A protein called HDAC I is important for folding and storing DNA inside of cells. Scientists found low levels of this protein in Alzheimer’s disease, and also linked it to the levels of beta-amyloid and tau protein plaques.
Like an aged book, DNA in the brain acquires wear and tear during your lifespan. Earlier this year, researchers from Brigham and Women’s Hospital discovered that a unique pattern of mutational signatures in Alzheimer’s may explain why cells begin to malfunction and die. Adding another wrinkle, a cross-university collaboration between researchers uncovered hints that DNA may not be “folded” properly in Alzheimer’s disease.
Since DNA contains so much information, it needs to be organized, folded and indexed correctly. Proteins called histone deacetylases (HDACs) act as “librarians” —they fold and help store the DNA inside of cells. In a new study published in Nature Communications, researchers found that low HDAC activity was associated with amyloid and tau pathology, as well as Alzheimer’s disease.
This work is a collaboration between researchers at the University of Pittsburgh, McGill University, and Harvard University led by Tharick Pascoal, physician and assistant professor of psychiatry and neurology at the University of Pittsburgh’s School of Medicine.
“Approximately one-third of elders who have brain amyloid pathology do not develop Alzheimer’s disease,” said Pascoal. “Now we have evidence of another factor that dictates whether or not the disease will progress further, and it is related to how the brain environment can affect the expression of our genes.”
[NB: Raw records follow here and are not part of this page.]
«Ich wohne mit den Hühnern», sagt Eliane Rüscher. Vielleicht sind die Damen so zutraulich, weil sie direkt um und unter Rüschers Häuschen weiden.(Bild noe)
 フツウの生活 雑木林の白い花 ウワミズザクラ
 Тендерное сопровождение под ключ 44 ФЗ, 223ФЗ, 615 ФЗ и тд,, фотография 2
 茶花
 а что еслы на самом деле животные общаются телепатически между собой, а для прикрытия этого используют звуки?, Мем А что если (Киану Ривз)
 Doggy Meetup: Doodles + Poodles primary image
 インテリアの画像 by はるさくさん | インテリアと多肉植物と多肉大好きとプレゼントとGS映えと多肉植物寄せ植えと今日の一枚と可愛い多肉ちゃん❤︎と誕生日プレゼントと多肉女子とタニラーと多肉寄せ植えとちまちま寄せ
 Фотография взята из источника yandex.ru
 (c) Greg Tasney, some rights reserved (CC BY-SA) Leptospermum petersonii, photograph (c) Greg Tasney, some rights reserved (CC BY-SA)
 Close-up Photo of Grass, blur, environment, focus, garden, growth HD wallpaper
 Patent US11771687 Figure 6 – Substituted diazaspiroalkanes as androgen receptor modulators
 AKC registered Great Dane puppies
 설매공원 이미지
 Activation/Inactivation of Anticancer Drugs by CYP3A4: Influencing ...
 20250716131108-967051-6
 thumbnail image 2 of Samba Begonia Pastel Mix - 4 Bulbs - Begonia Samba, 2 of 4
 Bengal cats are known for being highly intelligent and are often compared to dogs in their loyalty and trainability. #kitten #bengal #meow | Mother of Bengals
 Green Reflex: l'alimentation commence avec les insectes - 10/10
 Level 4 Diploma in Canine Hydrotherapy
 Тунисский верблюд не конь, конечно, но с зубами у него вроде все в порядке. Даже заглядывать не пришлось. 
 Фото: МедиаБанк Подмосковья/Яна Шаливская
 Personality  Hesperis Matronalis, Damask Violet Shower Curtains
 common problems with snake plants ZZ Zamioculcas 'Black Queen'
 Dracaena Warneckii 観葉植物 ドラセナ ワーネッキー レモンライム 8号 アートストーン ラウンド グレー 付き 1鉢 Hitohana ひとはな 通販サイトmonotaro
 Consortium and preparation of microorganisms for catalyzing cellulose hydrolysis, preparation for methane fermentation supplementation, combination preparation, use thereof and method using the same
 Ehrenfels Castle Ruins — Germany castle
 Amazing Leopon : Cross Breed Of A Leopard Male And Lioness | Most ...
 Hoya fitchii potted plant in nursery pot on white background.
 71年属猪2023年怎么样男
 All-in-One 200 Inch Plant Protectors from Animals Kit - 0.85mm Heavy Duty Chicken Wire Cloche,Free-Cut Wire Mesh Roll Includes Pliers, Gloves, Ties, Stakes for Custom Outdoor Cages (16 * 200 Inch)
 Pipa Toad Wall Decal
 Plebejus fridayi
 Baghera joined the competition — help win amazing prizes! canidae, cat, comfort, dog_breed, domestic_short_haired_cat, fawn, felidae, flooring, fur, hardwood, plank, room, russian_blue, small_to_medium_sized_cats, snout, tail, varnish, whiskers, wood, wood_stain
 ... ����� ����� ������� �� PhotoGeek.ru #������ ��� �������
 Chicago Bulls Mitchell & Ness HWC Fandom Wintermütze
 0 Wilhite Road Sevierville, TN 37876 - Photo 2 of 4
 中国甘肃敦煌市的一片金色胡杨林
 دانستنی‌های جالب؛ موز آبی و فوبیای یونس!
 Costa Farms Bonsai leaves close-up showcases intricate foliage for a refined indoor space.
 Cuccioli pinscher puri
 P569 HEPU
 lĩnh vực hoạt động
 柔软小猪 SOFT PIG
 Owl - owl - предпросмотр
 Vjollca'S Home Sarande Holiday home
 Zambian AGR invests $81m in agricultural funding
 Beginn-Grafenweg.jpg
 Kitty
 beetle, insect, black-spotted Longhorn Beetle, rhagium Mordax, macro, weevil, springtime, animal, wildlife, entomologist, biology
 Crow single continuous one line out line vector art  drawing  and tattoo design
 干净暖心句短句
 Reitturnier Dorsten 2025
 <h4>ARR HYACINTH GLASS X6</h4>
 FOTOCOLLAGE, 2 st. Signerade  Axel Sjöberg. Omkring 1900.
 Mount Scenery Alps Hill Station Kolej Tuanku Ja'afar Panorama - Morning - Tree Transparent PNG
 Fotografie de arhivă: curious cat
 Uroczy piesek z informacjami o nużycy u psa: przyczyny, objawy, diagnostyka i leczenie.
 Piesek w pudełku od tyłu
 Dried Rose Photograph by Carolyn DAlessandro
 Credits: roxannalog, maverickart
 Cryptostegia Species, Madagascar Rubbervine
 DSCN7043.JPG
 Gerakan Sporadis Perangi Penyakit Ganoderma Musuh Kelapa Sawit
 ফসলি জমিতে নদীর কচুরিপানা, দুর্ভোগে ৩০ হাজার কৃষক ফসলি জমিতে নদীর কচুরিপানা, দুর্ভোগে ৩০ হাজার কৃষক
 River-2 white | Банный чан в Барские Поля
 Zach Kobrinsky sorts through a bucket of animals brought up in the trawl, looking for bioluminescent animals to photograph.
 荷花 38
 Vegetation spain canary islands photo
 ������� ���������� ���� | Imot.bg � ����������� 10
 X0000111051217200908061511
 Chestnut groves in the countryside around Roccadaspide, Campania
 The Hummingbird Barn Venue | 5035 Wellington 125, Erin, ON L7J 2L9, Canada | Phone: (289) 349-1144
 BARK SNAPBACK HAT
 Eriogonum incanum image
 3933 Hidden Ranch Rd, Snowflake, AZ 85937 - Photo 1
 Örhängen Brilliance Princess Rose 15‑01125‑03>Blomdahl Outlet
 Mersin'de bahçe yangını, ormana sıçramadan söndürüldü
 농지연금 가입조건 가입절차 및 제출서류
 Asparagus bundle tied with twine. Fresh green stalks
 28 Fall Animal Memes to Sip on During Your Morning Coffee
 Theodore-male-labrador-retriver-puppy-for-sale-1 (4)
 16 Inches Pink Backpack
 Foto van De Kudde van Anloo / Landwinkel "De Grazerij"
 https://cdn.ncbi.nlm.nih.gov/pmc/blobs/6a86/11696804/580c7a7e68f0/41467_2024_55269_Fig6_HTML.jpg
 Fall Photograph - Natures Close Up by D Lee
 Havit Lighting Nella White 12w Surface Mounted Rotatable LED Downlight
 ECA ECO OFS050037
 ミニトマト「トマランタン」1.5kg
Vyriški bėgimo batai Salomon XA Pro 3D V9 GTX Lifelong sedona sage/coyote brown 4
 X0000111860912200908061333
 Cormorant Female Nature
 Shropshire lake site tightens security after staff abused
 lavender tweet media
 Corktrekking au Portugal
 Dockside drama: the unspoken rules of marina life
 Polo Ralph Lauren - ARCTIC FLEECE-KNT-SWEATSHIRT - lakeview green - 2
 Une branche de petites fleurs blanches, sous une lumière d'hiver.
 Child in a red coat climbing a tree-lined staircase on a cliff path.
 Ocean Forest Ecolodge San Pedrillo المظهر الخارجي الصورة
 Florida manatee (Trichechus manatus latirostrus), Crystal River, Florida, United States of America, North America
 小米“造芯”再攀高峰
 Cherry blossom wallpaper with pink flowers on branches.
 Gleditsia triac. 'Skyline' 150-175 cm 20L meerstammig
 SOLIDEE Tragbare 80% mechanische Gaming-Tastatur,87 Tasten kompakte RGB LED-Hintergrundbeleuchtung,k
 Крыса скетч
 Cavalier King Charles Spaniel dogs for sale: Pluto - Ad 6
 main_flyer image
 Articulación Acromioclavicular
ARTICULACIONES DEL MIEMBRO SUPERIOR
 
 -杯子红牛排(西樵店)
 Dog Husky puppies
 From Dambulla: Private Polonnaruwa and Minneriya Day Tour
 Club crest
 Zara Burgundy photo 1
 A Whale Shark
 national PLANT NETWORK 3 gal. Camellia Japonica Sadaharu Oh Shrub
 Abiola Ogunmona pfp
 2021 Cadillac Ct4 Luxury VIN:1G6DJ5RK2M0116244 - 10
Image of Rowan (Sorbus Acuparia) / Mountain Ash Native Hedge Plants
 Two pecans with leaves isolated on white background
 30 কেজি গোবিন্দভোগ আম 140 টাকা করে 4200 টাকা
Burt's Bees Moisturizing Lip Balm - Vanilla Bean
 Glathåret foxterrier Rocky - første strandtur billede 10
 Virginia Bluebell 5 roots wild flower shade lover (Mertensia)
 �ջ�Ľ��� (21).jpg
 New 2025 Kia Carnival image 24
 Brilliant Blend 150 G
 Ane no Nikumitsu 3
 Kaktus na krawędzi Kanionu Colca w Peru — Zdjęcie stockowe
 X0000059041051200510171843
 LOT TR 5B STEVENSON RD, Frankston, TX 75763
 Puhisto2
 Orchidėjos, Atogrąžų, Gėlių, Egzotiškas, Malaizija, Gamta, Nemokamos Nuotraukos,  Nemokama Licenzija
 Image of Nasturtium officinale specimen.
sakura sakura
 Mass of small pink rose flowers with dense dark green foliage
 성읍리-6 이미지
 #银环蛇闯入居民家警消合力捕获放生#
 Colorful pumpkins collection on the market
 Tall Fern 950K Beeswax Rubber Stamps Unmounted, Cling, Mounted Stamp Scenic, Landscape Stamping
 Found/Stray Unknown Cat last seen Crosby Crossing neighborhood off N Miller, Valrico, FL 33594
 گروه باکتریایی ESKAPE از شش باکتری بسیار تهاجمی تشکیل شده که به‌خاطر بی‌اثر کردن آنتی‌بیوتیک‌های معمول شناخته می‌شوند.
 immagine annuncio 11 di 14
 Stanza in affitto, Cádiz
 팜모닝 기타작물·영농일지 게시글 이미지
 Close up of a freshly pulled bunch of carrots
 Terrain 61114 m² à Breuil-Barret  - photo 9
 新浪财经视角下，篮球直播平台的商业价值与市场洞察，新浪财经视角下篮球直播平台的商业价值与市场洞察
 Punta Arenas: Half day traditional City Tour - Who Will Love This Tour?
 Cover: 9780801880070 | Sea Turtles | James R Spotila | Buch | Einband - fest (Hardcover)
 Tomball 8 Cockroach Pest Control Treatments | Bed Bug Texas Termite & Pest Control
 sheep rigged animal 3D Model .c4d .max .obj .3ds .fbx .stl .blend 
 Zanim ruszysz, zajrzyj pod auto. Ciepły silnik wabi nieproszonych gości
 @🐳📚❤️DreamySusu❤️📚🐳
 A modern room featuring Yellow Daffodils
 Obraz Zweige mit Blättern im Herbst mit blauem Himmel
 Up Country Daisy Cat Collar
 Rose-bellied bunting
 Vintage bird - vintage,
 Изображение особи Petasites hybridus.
The study also raises questions against drug trials aimed at reducing HDAC activity, suggesting they may harm rather than benefit the patients.
Low HDAC activity linked to beta-amyloid and tau plaques
To look at the differences in HDAC levels across health and disease, the researchers recruited 25 cognitive healthy young people, 28 cognitively healthy older individuals, 15 people with mild cognitive impairment, and 26 with Alzheimer’s dementia. To add onto the cohort, they also looked at HDAC levels in postmortem brain tissue from 6 individuals with Alzheimer’s dementia and 9 cognitively healthy older individuals.
The scientists injected a molecular dye into the bloodstream that would highlight HDAC activity in the brain under a PET scan. The levels of one specific type of HDAC, called HDAC I, were associated with increased levels of beta amyloid and tau plaques in the brain.
“We believe that HDAC I reduction leads to an increase in gene expression of a gene associated with glial cells and this increase in inflammation leads to cognitive decline,” Pascoal told Being Patient.
Researchers and drug companies have pursued beta-amyloid plaques as a target for treating Alzheimer’s disease for decades. However, it has yet to definitively show that clearing these plaques stops the progression of the disease. This is turning more interest to new approaches, like exploring neuronal DNA and the “recipes” it carries for different brain health-related proteins.
Some experimental drugs in the Alzheimer’s pipeline aim to reduce HDAC activity in order to treat the disease — but this study suggests that approach might be counterproductive and could lead to harm in patients.
As an example, Amylyx Pharmaceuticals Inc is currently in Phase 2 trials testing a small molecule drug called AMX0035 which works to slow HDAC activity.
So far, the company has presented data from a 24-week trial showing that the drug was safe and well-tolerated. The trial is currently being analyzed by the company’s scientific advisors to determine whether they will continue testing for Alzheimer’s in a subsequent trial.
Luckily, engineering drugs to help DNA fold is considerably easier than clearing amyloid and tau in the brain, as Pascoal noted.
“There is a lot of hope for future treatments, and a combination of anti-amyloid therapies with drugs that can rescue the loss of HDACs holds a lot of promise.”